La Unidad Especializada en Delitos Económicos y Anticorrupción del Ministerio Público solicitó la desestimación de la denuncia presentada contra el director general paraguayo de Itaipú, Justo Zacarías Irún, en el caso conocido como los “pupitres de oro”, al concluir que no existió perjuicio patrimonial para el Estado en la compra de mobiliarios escolares de origen chino.
El pedido fue presentado por los fiscales Luis Piñánez, Luz Guerrero y Christian Benítez, mediante el Requerimiento Fiscal N.º 16 ante el Juzgado Penal de Garantías, en el que sostienen que no se configuró hecho punible alguno.
Según la investigación, el Estado recibió la totalidad de los bienes adquiridos por un valor equivalente al monto desembolsado, que ascendió a G. 310.670.983.444, descartándose así la existencia de un daño patrimonial.
La causa penal, identificada con el número 3949/2025, se inició en marzo de 2025 tras denuncias formuladas por legisladores, quienes señalaron una presunta sobrefacturación en la compra de 410.837 conjuntos de mobiliario escolar.

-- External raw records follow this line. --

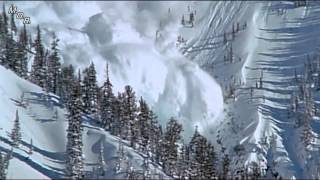 Impresionante Avalancha de Nieve en HD [upl. by Nilsoj]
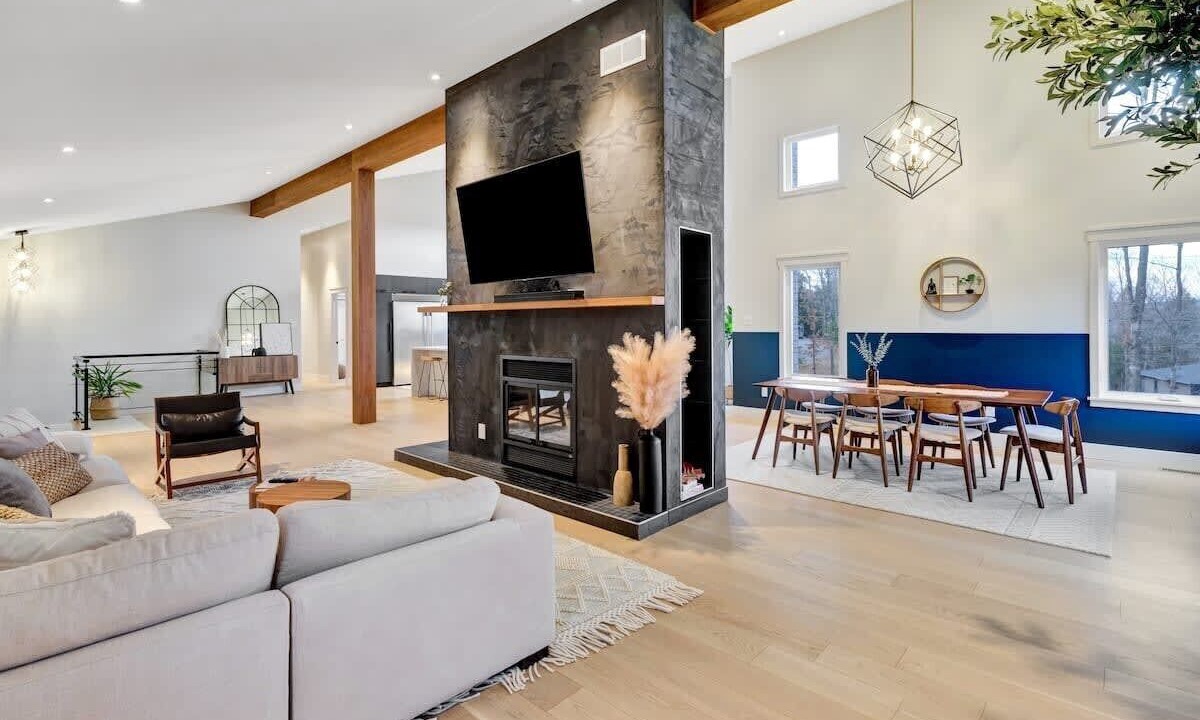 Photo of Livingroom in Les Collines-de-l'Outaouais Regional County Municipality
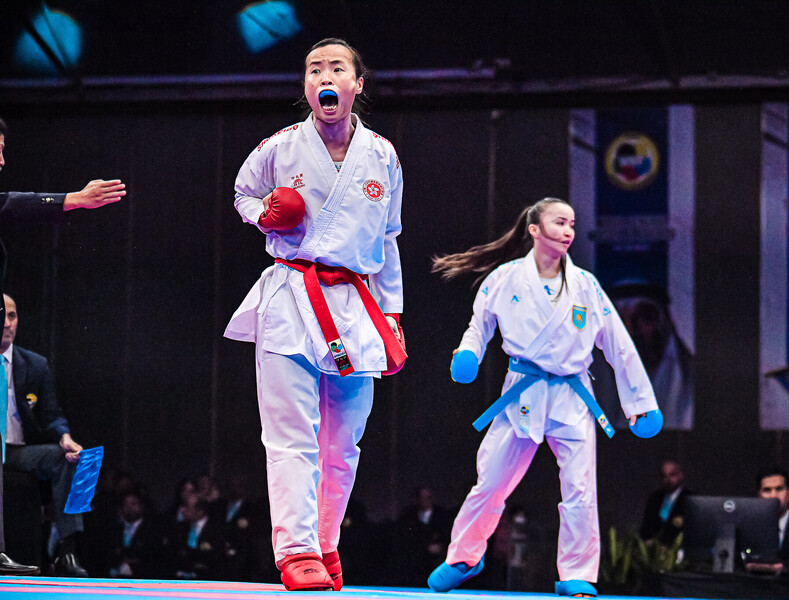 Tsang Yee-ting (left) (photo: Asian Karate Federation )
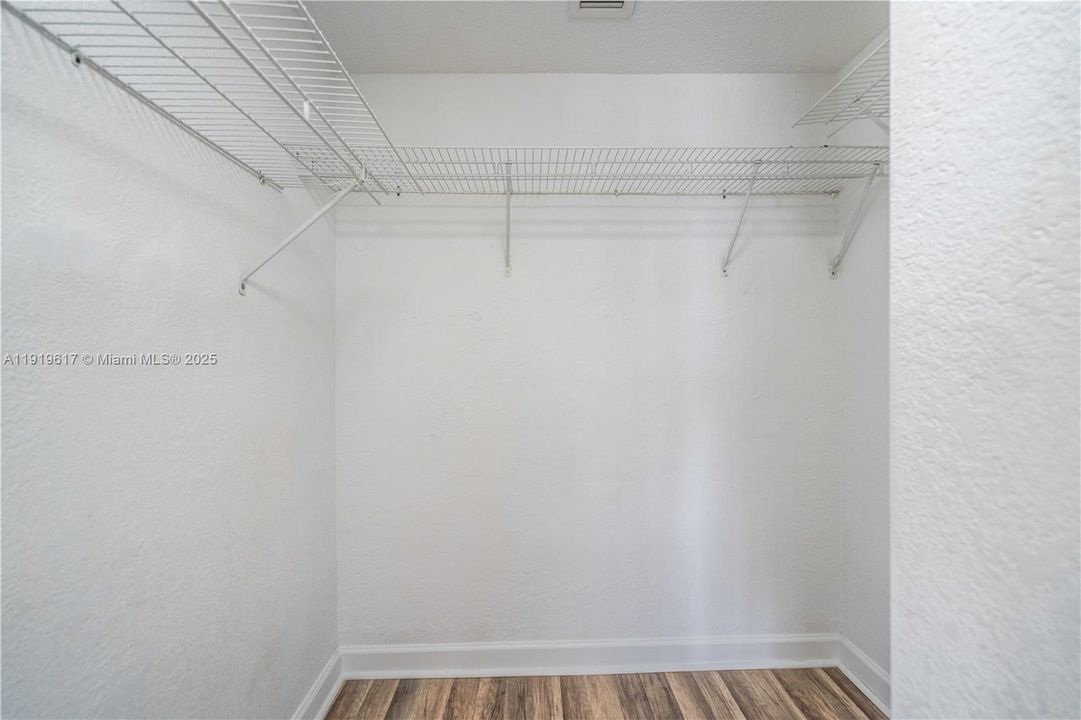 En Renta: $3,200 (2 camas, 2 baños, 1000 Pies cuadrados)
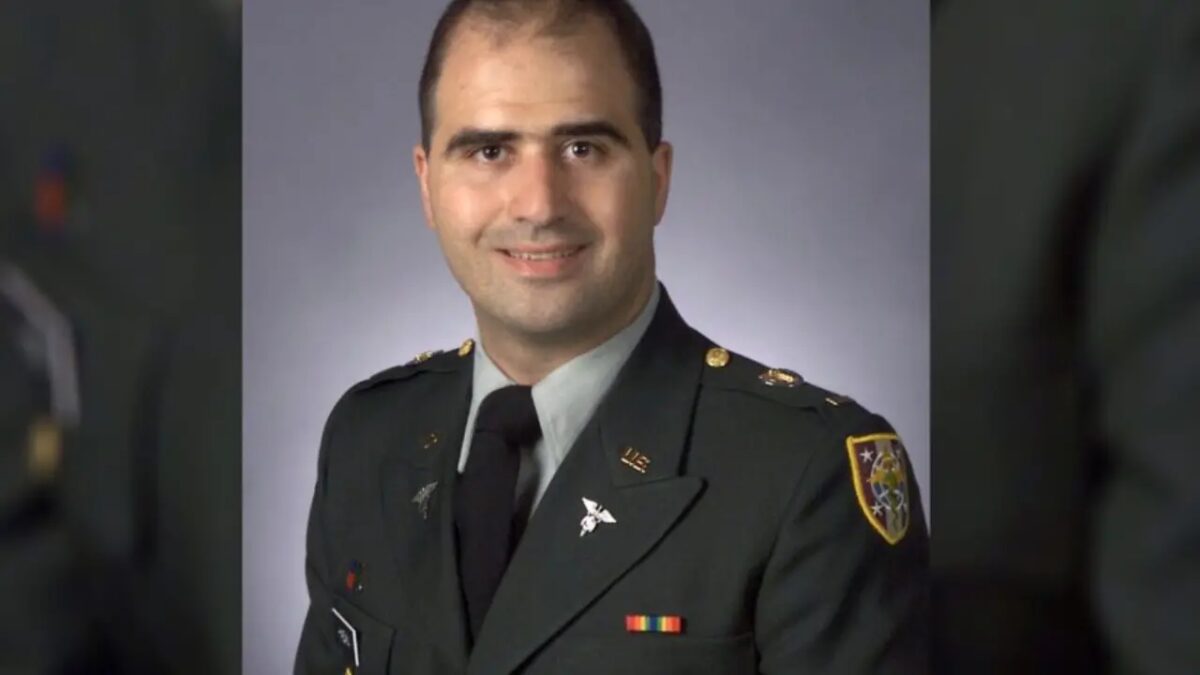 EUA anunciam fuzilamento ao vivo de autor de massacre em base militar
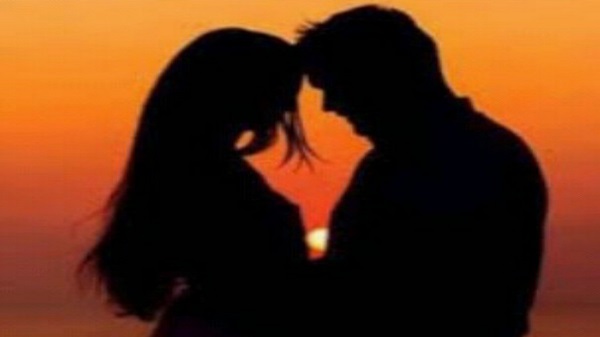 மனைவியின் கள்ளகாதலை ஆபாச படம் எடுத்து மிரட்டிய கணவன்... வெளியான தகவல்!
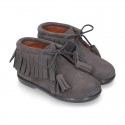 Fringed design Booties with shoelaces closure with TASSELS in suede leather for kids.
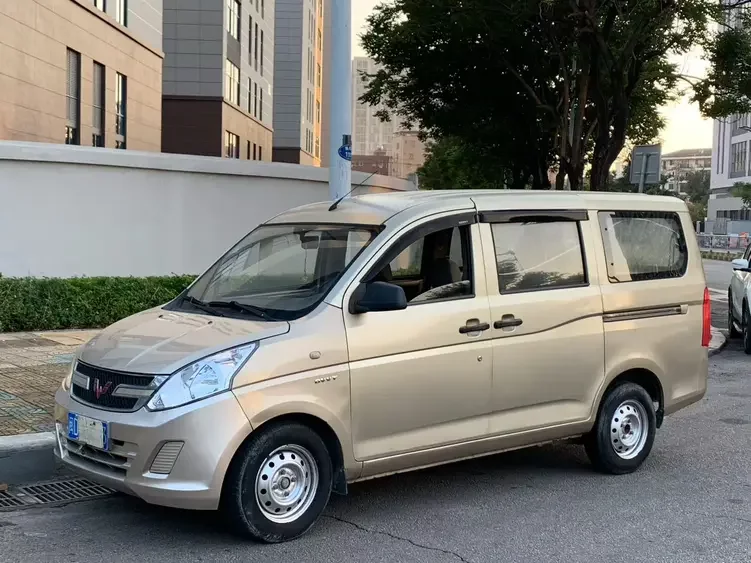Wuling Rongguang V
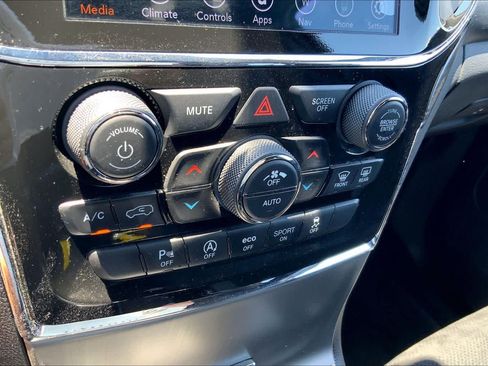 Used 2022 Jeep Grand Cherokee Laredo X RWD image 31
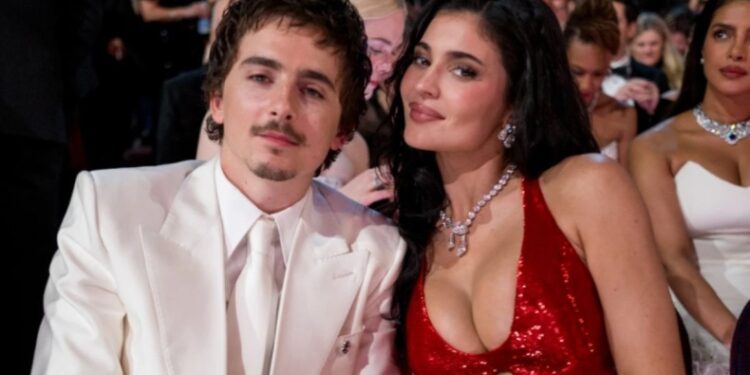 Oscars 2026: Η αμήχανη συνάντηση της Κάιλι Τζένερ με την αδερφή του Τιμοτέ Σαλαμέ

De acuerdo con la acusación inicial, cada conjunto tendría un costo de entre 15 y 30 dólares en las fábricas de China, mientras que Itaipú habría pagado un promedio de 96 dólares por unidad.
La investigación también generó cuestionamientos por la exclusión de la industria nacional y por los presuntos vínculos entre la empresa proveedora Kamamya S.A. y altas autoridades del Poder Ejecutivo.
No obstante, los informes técnicos elaborados por la Dirección de Análisis de Información Estratégica concluyeron que los cálculos iniciales no contemplaban diversos costos asociados a la importación y distribución de los muebles.
La Fiscalía explicó que al valor de origen debían sumarse gastos de flete internacional y nacional, seguros marítimos, aranceles aduaneros, despacho, impuesto al valor agregado (IVA), ensamblaje y distribución a nivel nacional, costos que representaron un promedio adicional de 45,84 dólares por unidad.
Asimismo, los peritos señalaron que la logística incluyó la entrega de los mobiliarios en 1.383 instituciones educativas distribuidas en 120 distritos del país.
Tras el análisis de estos factores, concluyeron que el precio final, de aproximadamente G. 752.026 por conjunto, resultó razonable e incluso inferior al valor de muebles similares disponibles en el mercado local, donde alcanzan los G. 800.000.
Por su parte, el Ministerio de Educación y Ciencias (MEC) certificó la recepción definitiva de los 410.837 conjuntos escolares el 17 de noviembre de 2025.
Con base en estos antecedentes, el Ministerio Público sostuvo que existió una contraprestación real y equivalente al dinero abonado, por lo que no se configuró el perjuicio patrimonial requerido para el delito de lesión de confianza. En consecuencia, solicitó el archivo definitivo de las actuaciones.